Four Branches of Dysfunction in US Government, Part I


By Mike Cronin

Ronald Reagan once said that government is not the solution to our problems, government is the problem. What did he mean by that? After all, he was president at the time; surely he must have felt that at least some government is good and necessary. As I have expressed in previous posts, our government has become dysfunctional. Just as cancers are flawed cells that grow uncontrollably, consume resources, and displace healthy tissue, dysfunctional government supplants healthy government.  This is what Reagan was referring to.  How is our government dysfunctional? In my opinion, there are four major, interlocking branches of dysfunction: Slavery, war, confiscatory taxes, and currency debasement. In turn, these branches of dysfunction are fueled by ignorance and ambition to power.
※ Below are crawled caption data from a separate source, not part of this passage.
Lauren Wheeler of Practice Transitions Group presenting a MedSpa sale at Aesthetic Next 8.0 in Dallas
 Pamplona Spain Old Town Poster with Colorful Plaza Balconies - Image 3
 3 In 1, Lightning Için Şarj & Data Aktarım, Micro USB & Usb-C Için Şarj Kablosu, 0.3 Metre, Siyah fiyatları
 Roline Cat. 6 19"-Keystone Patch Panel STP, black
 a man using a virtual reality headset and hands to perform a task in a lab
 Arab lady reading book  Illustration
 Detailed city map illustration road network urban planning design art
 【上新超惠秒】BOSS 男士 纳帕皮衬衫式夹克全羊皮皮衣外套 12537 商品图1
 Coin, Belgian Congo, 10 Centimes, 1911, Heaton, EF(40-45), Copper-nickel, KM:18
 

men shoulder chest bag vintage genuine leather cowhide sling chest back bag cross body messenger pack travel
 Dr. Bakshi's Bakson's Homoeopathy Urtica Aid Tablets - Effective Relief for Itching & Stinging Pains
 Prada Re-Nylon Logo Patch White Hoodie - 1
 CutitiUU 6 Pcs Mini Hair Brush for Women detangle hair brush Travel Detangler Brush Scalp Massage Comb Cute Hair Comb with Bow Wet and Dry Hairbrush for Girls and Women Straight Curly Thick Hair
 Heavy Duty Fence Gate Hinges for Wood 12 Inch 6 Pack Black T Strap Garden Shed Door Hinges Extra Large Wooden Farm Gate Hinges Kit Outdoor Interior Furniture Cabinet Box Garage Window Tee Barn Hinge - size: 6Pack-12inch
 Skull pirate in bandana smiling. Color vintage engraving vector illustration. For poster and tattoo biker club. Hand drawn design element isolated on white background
Our government was established to protect our rights to life, liberty, and the pursuit of happiness, but dysfunction was present right from the start. The founders articulated the notion that all men are created equal – but they didn’t recognize slaves as wholly men. Slaves counted only as 3/5ths of a person. Our nation began its life trying to cope with a terrible cognitive dissonance and human injustice – one that would cause arguably the greatest existential crisis it has yet faced: the Civil War.

You might argue that the Civil War was about states’ rights, not slavery. Well, there was one “state right” in particular that the South’s economy relied on: slavery. The Southern States seceded in order to hang on to the institution of slavery, but President Lincoln would not tolerate the dissolution of the union, so the first dysfunction led to the second: war. While Lincoln is widely hailed as the Great Emancipator and one of our best presidents, he assumed virtually dictatorial powers during the war, and expressly violated the Constitution and the Bill of Rights, thus setting precedent to his successors that might wish to do the same. One example: Lincoln ordered two newspapers critical of him to be shut down and had their owners and editors arrested for disloyalty.

While the aftermath of the Civil War may have seen the restoration of the country and the abolition of one form of slavery, it did not absolve us of the original dissonance slavery caused. It took another hundred years before the law and most of the nation accepted the full humanity of blacks, but vestiges of racism still haunt us, and our presidents still exercise more power than the Constitution allots them.